If this year was different, it is because Iran’s ruling elite has fractured under conditions of unrelenting US imperialist pressure, world economic crisis, and the mounting social contradictions within the Islamic Republic.

Both major bourgeois factions—the Greens and the government faction led by Khamenei and Ahmadinejad—are fearful of the potential social power of the working class, while simultaneously hoping to politically manipulate it with a view to prevailing in the elite power struggle.

In the run-up to May Day, Khamenei issued a stern warning against using “labor issues” as political leverage against the government.

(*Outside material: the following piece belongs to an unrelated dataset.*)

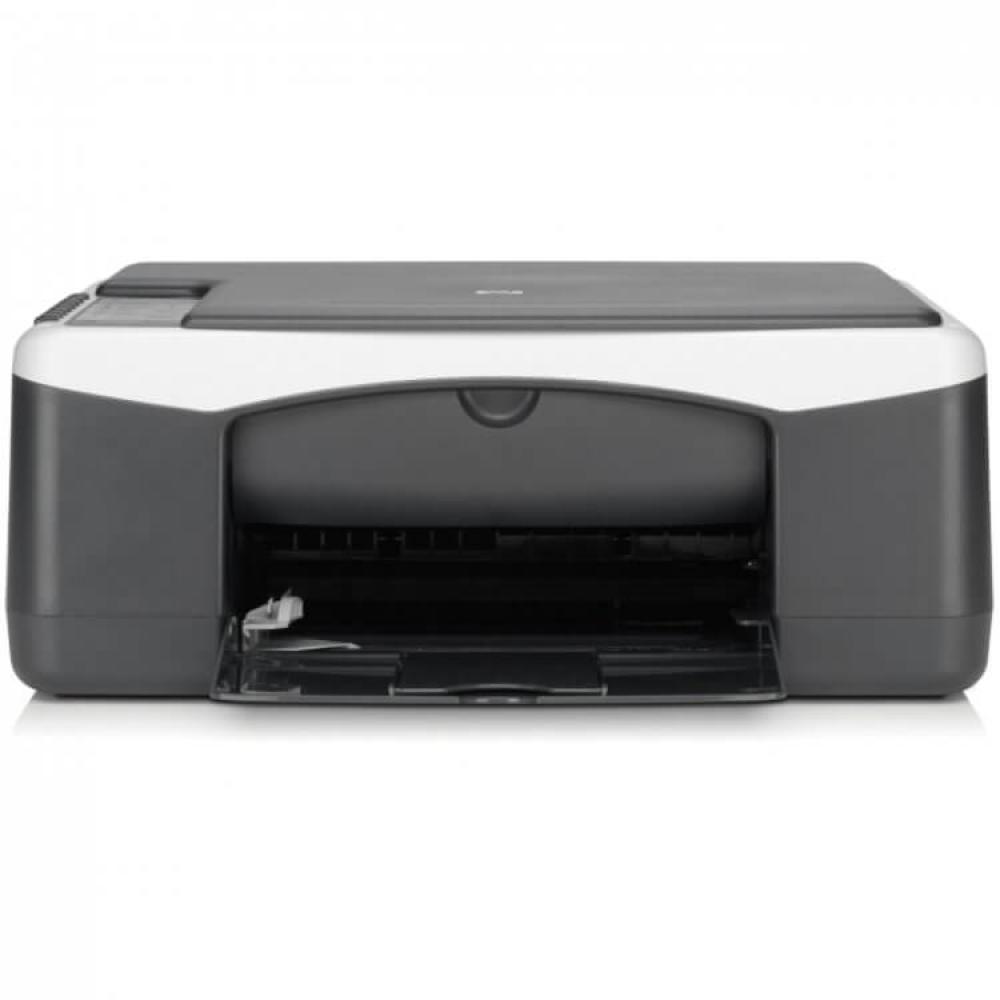 изображение МФУ HP Deskjet F2110 с СНПЧ - изображение 3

Both factions recognize that the government is increasingly vulnerable because of the global economic crisis. The sharp decline in oil prices triggered by the world recession has undercut Ahmadinejad’s attempts to mollify social discontent with increased social spending. While the president has tried to dress up the government’s subsidy elimination plan as a measure for social justice, arguing that better-off Iranian’s benefit disproportionately from the gasoline subsidy, there is no question that their phasing out and the consequent price surge will have a major adverse impact on the most impoverished sections of the population, the working class, rural toilers and urban poor. (See: “Ahmadinejad retreats in clash over Iran’s budget”)

The Greens represent a section of the Iranian bourgeoisie and clerical-political establishment that wants the pace of pro-market reforms quickened and most keenly favors a rapprochement with US imperialism.

They have long advocated the phasing out of the price subsidies, attacked Ahmadinejad for “excessive” social spending, and have increasingly pressed for a substantial currency devaluation, which would further squeeze the living standards of working people.

Popular support for the Greens has been overwhelmingly concentrated among more privileged sections of the urban population. But in recent months, the Green leaders, especially Mousavi, have argued that they need to broaden their base by listening to the grievances of the working class and the rural masses.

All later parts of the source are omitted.